You don’t have to wait for your book to be published to do a reading of your work-in-progress. Writing groups, art colonies, independent bookstores, literary organizations, and public libraries sponsor these popular public events. Take the opportunity to give a reading if you can. It is a great way to beta-test your work with an audience who provides immediate visceral feedback.
Reading aloud is also a great way to edit your own copy.
4 thoughts on “How to prepare for a successful reading”
Those are great tips, Jill. Thanks for posting. Number 6 got me brainstorming. I’d welcome a discussion on good ways to encourage audience participation. Questions, of course, are an old standby, but has anyone else tried out other techniques with success?

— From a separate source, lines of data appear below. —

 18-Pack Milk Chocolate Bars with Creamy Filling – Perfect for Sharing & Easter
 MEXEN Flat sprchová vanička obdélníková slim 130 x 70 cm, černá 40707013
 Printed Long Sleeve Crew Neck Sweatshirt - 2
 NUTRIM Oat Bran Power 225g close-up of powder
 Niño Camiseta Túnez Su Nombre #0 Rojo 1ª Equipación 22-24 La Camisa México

Inviting audience participation can take many forms, Ann Marie. Tina Welling handed out horehound hard candies for her reading from WRITING WILD when she spoke at Buffalo Street Books. She gave the audience a taste of her home state of Wyoming. Props and a physical demonstration might work, depending on the subject matter. Sandor Katz continues to tour the nation selling his book on the ART OF FERMENTATION with workshops on making your own sauerkraut. Accompanying art on exhibition or a musical performance enhances audience engagement in any author’s event. For example, The KBG Bar in Brooklyn offers a calendar full of author events and across the country we continue to see bars and books becoming partners in sponsoring author events. Hold an event in a specific place related to your book’s subject matter. If your book has a nautical theme, bring your readers on board a boat for a ride and reading. Finding a way to elicit the stories your readers have to tell about your book’s subject should guide your strategy.
Thanks, Jill. Doing readings can be so much fun. And they can be really stressful too. Great tips for being prepared. I must work on audience participation more. I’m the one who put on the eyeglasses and disappeared into my text.

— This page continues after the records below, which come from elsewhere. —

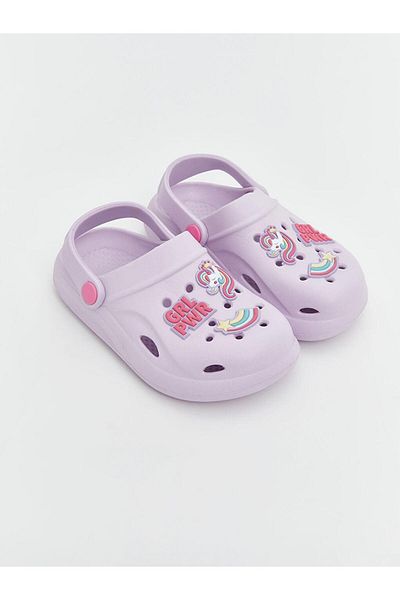 LC Waikiki Sandale de plajă pentru fete cu imprimeu LCW STEPS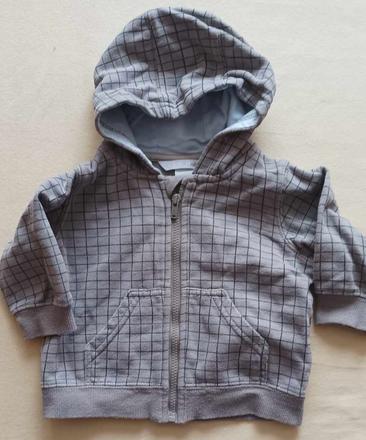 Karovaná mikina, h&m,62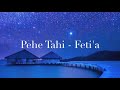 Pehe tahi  2018  fetia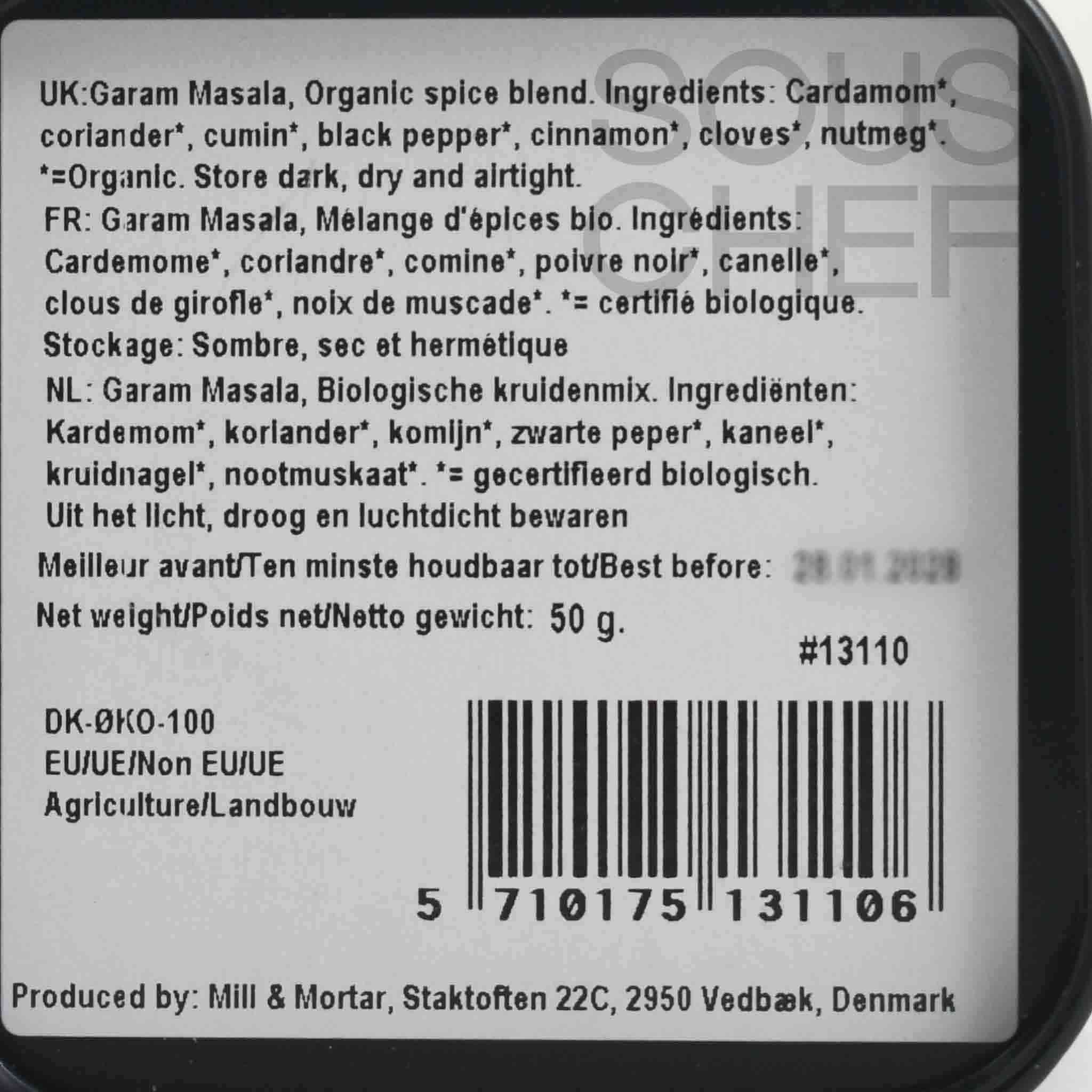 Mill & Mortar Organic Garam Masala, 50g - Image 2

Great advice. Thanks for all the help you’ve given me the last few years including advice to give readings whenever possible. I’m now used to talking about emotionally loaded material in public.
I begin a reading with an informal story and end with interaction. People love to be involved and tell their stories, so I read about a topic appropriate for the group and ask people about their experiences with grief, care-taking, kindness, or the healing power of nature and writing. I read passages, but not more than a 5 minutes per story and give backstory first. I tend to read one longer passage (less than 5 minutes) and then a few shorter ones to bring out the topic. If the group is small, I have everyone sit in a circle. Better for more hearing loss, but also better for people to connect to each other.